Two-moons Classification#

In this notebook we show how to use Fortuna to obtain calibrated uncertainty estimates of predictions in an MNIST classification task.

Download Two-Moons data from scikit-learn#

Let us first download two-moons data from scikit-learn.

[1]:
from sklearn.datasets import make_moons

train_data = make_moons(n_samples=500, noise=0.07, random_state=0)
val_data = make_moons(n_samples=500, noise=0.07, random_state=1)
test_data = make_moons(n_samples=500, noise=0.07, random_state=2)

Convert data to a compatible data loader#

Fortuna helps you converting data and data loaders into a data loader that Fortuna can digest.

[2]:
from fortuna.data import DataLoader

train_data_loader = DataLoader.from_array_data(
    train_data, batch_size=128, shuffle=True, prefetch=True
)
val_data_loader = DataLoader.from_array_data(val_data, batch_size=128, prefetch=True)
test_data_loader = DataLoader.from_array_data(test_data, batch_size=128, prefetch=True)

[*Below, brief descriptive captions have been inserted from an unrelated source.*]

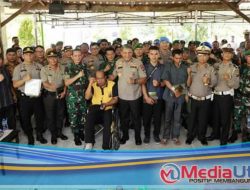 Pasca Bentrok TNI-Polri, Kapolda Sumut dan Pangdam I/BB Jenguk Para Korban di Taput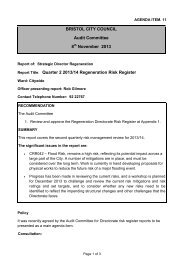 Quarter 2 2013/14 Regeneration Risk Register - Bristol City Council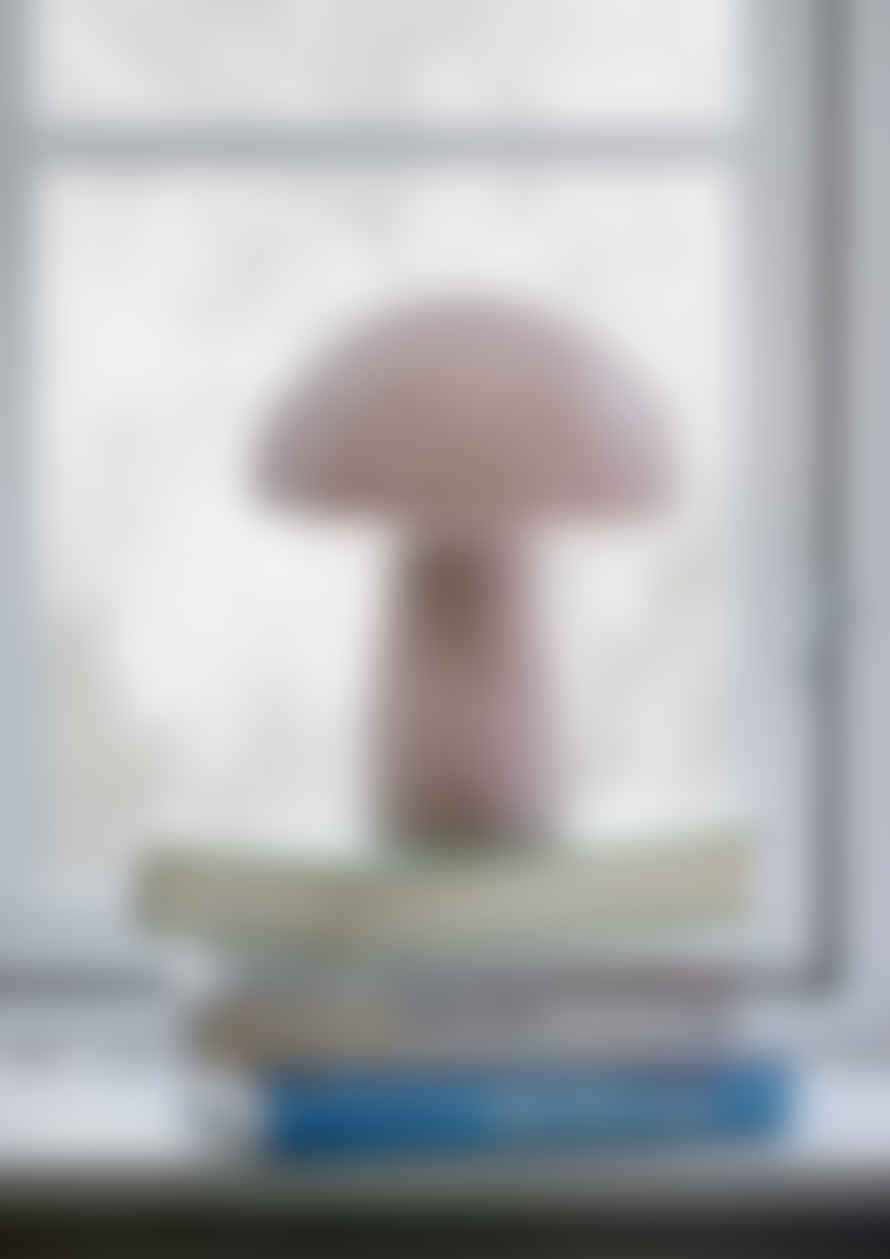 Bahne Old Rose Mushroom Lamp
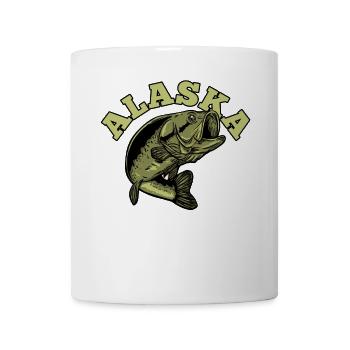 Pêcher Alaska - Mug blanc - blanc - Devant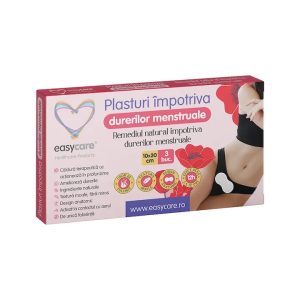Plasturi impotriva durerilor menstruale 10 x 20cm, 3 buc, EasyCare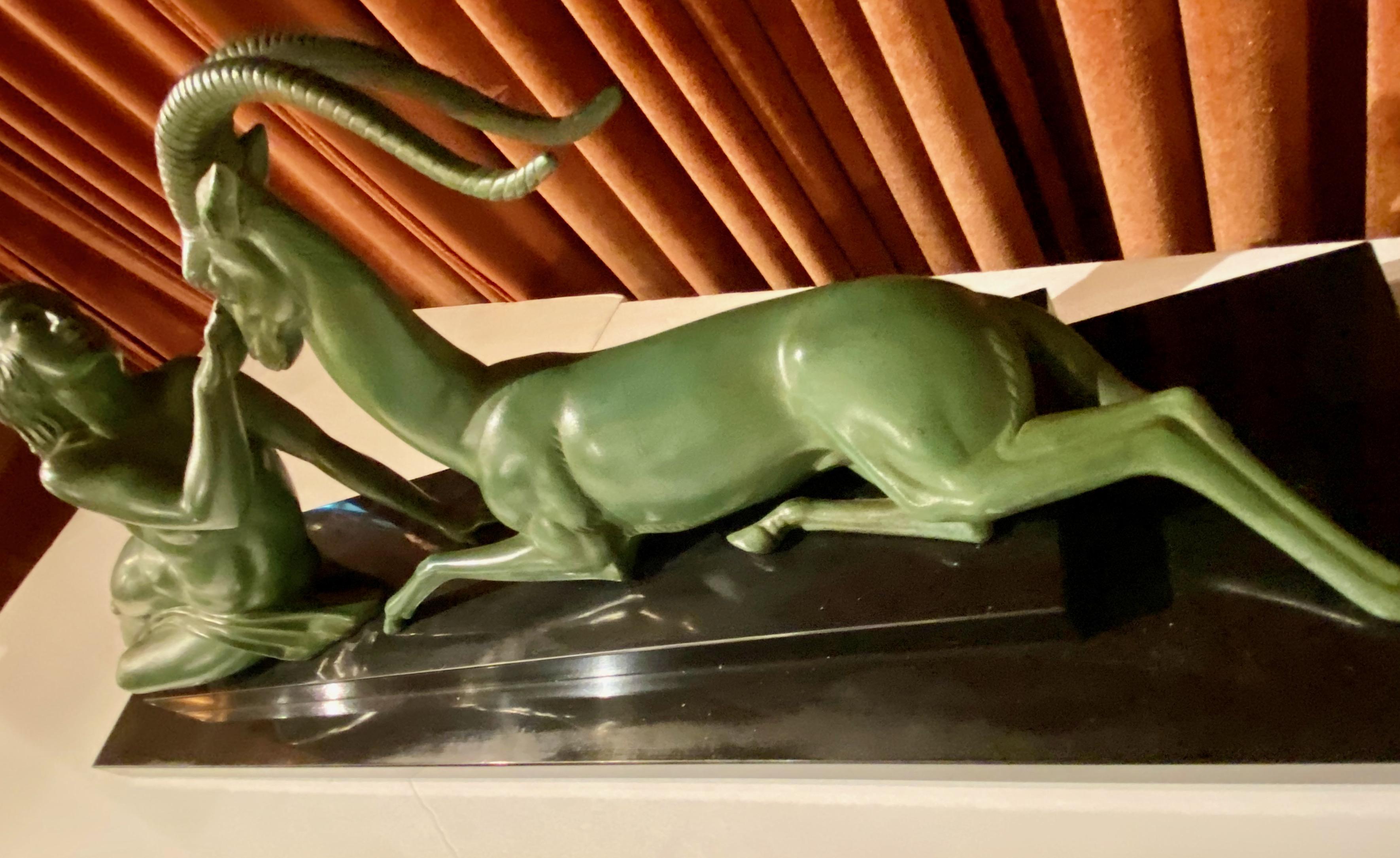 Art Deco Statue Seduction by Fayral for LeVerrier 5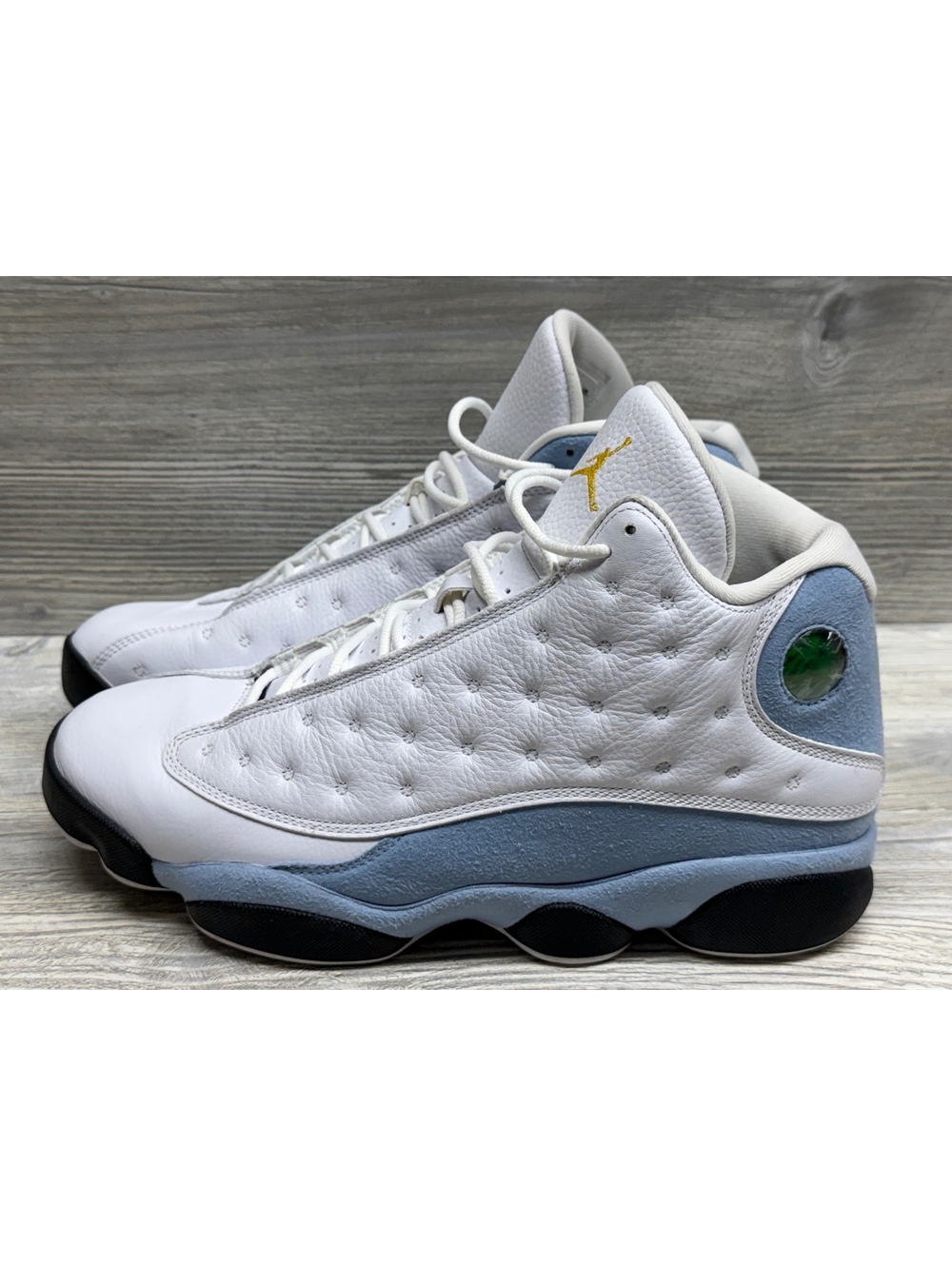 Nike Air Jordan 13 Retro White University Blue Black Men's Size 11 NICE!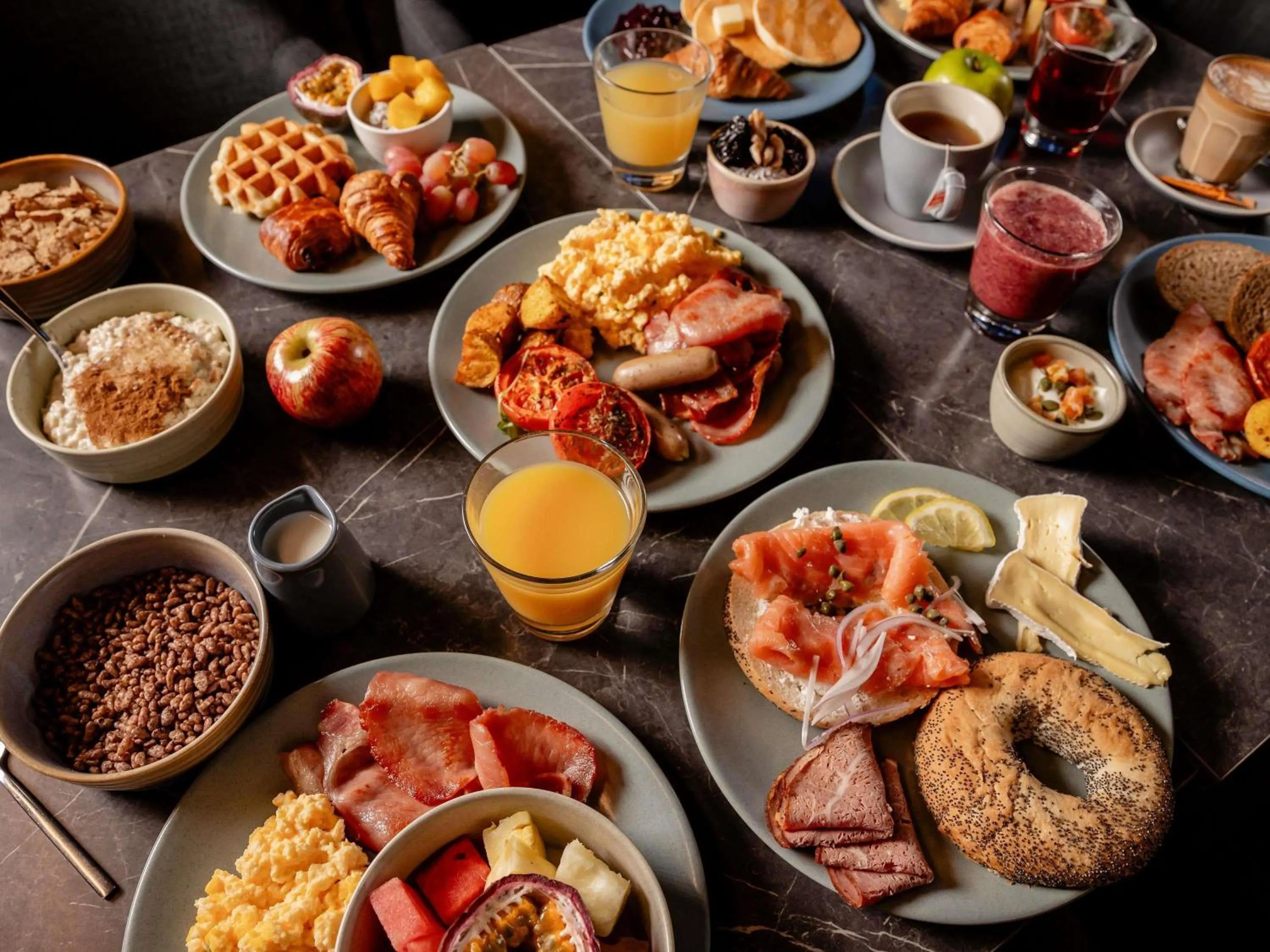 Breakfast in Novotel Brisbane South Bank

Build a probabilistic classifier#

Let us build a probabilistic classifier. This is an interface object containing several attributes that you can configure, i.e. model, prior, posterior_approximator, output_calibrator. In this example, we use an MLP model, an Automatic Differentiation Variational Inference posterior approximator, and the default temperature scaling output calibrator.

[3]:
from fortuna.prob_model import ProbClassifier, ADVIPosteriorApproximator
from fortuna.model import MLP
import flax.linen as nn

output_dim = 2
prob_model = ProbClassifier(
    model=MLP(output_dim=output_dim, activations=(nn.tanh, nn.tanh)),
    posterior_approximator=ADVIPosteriorApproximator(),
)
No GPU/TPU found, falling back to CPU. (Set TF_CPP_MIN_LOG_LEVEL=0 and rerun for more info.)
WARNING:root:No module named 'transformer' is installed. If you are not working with models from the `transformers` library ignore this warning, otherwise install the optional 'transformers' dependency of Fortuna using poetry. You can do so by entering: `poetry install --extras 'transformers'`.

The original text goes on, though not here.